| WORK TASK |
The entries below contain a line with "For example: after" and a line with "On my video". Retype exactly everything from the first down to the second, both included, and nothing else.

| SUPPLIED RECORDS |
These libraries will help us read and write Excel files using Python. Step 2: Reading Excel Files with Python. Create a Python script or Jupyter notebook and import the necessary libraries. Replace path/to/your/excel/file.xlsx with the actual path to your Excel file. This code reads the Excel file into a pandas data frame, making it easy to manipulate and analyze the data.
==
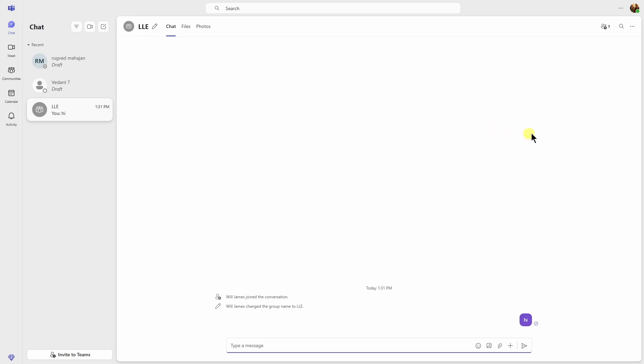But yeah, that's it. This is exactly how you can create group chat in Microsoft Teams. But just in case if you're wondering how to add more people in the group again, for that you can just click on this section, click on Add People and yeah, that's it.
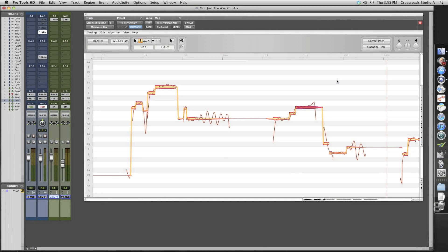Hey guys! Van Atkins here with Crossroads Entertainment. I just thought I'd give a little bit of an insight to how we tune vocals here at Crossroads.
---
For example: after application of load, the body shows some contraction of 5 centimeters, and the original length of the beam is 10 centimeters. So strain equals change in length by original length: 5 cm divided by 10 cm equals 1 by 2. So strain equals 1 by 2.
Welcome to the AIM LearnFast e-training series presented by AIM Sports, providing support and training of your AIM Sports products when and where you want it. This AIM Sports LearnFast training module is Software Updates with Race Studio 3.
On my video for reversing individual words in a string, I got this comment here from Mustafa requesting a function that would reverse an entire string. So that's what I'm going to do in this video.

| OUTPUT OF THE TASK |
For example: after application of load, the body shows some contraction of 5 centimeters, and the original length of the beam is 10 centimeters. So strain equals change in length by original length: 5 cm divided by 10 cm equals 1 by 2. So strain equals 1 by 2.
Welcome to the AIM LearnFast e-training series presented by AIM Sports, providing support and training of your AIM Sports products when and where you want it. This AIM Sports LearnFast training module is Software Updates with Race Studio 3.
On my video for reversing individual words in a string, I got this comment here from Mustafa requesting a function that would reverse an entire string. So that's what I'm going to do in this video.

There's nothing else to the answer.